Macro Highlights July 13th 2015

Economic outlook - 7/14/2015

Our Investment Research Department publishes a weekly newsletter with a round-up on the main economic developments and news flow.

Grexit averted

As Jean Paul Sartre once said, "Confidence is won by the drop and lost by the bucket." One can easily picture it trickling through the fingers of an outstretched hand. Ironically, the study of fluid dynamics began in ancient Greece. But since then some Greeks have no doubt attached scant importance to the fact that Archimedes’ rules were set for all time. Confidence cannot be decreed, nor should it be taken for granted. It is the result of an ever changing relationship.

With Greece’s banks still closed and totally dependent on credit lines with the European Central Bank (ECB), it is becoming increasingly hard for the country’s creditors to trust its political leaders. Here is a quick recap of recent developments (...)

Should the troika continue extending aid to prevent Greece from going bankrupt and leaving the Euro Zone? Or should it stop?

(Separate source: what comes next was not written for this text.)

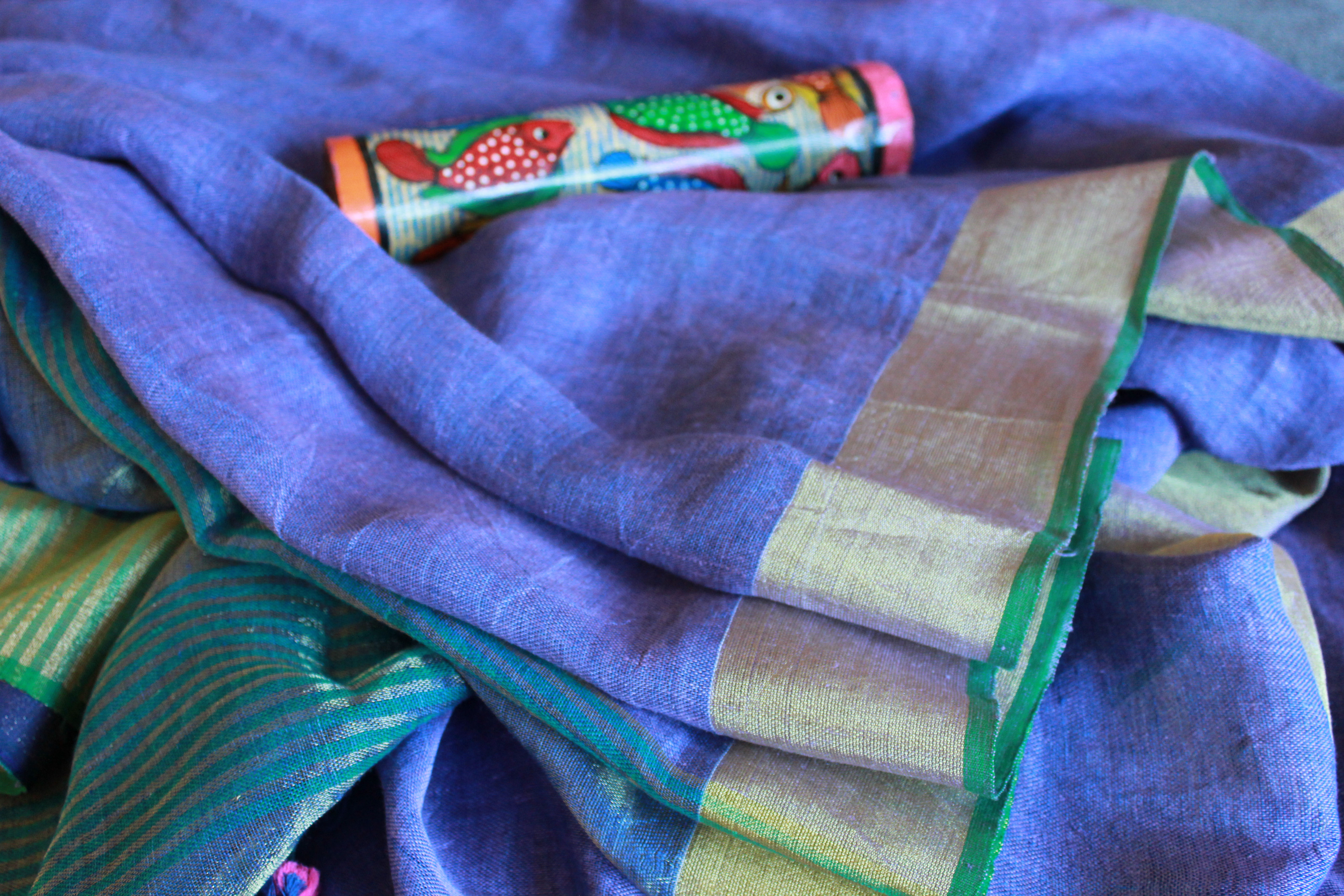 Azure with golden zari border with green trim linen by linen handloom saree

Back to the us growth story

The purchasing managers index has been retracing since bottoming out in the first quarter, when severe winter weather slowed economic activity. Consumer confidence is back up to near its pre-2008 levels (see right-hand chart on preceding page), growth in consumption is running at 3% year on year and, since the financial crisis, the unemployment has fallen from 10% to 5.3%—near its NAIRU level.

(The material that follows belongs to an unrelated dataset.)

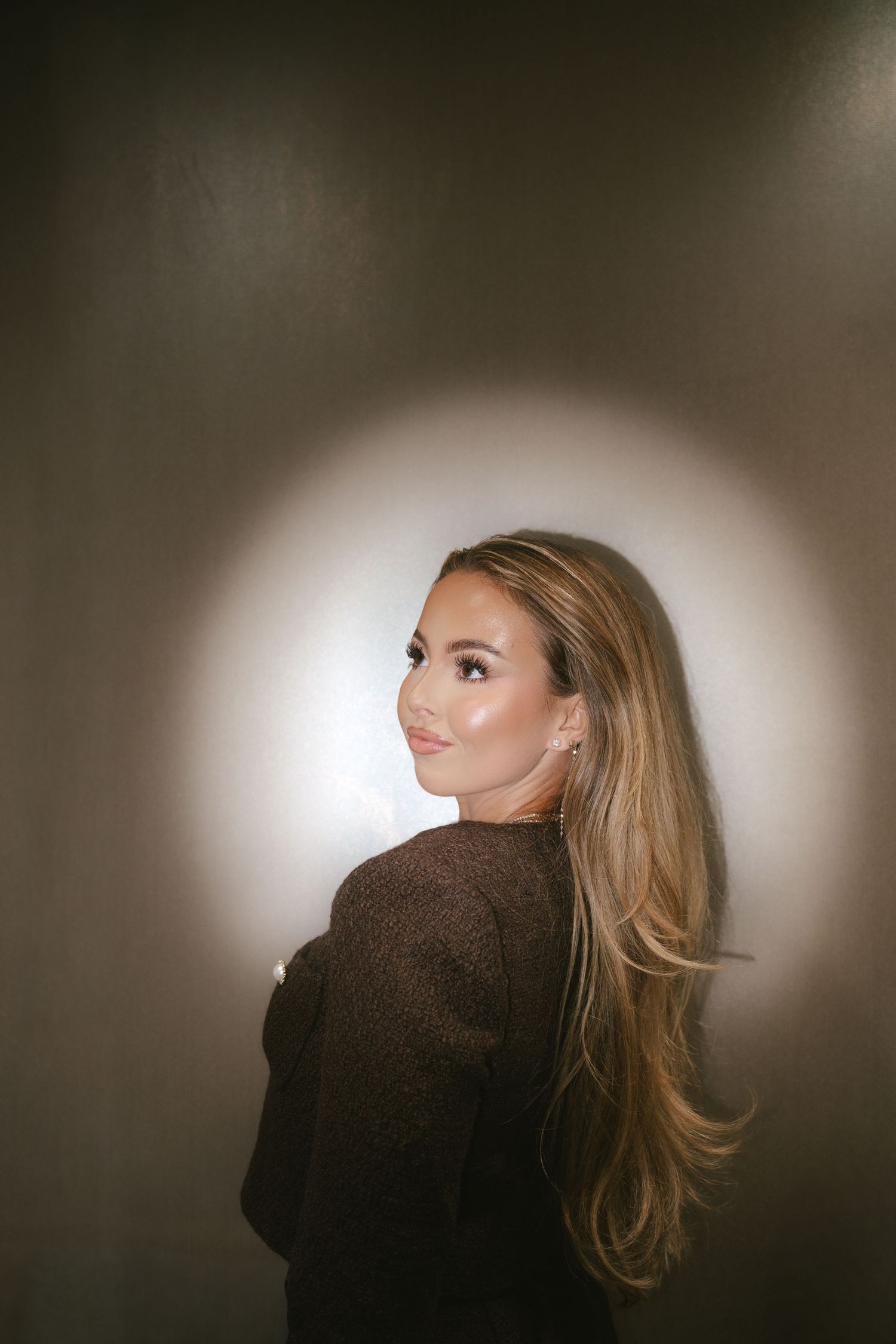 Young woman with long blonde hair in dark top poses against illuminated wall in dramatic portrait.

The weekly number of worker resignations illustrates that the US labour market has regained flexibility. This is boosting wages. Thus, although core inflation still shows no clear sign of moving up, the five-year forward inflation expectation is already at 2.14%.. (...)

How will the stockmarket sell-off impact companies?

Last week we pointed out that the recent meltdown in Chinese equities would likely have a limited knock-on effect on domestic consumption. Now it is only right that we should consider the links between the stockmarket and China’s corporate sector and the probable repercussions of the pullback on business activity.  

A significant fall in domestic (A-share) prices automatically increases the capital cost for companies that want to tap the markets, prompting them to put off and even cancel previously planned spending on plant and equipment. (...)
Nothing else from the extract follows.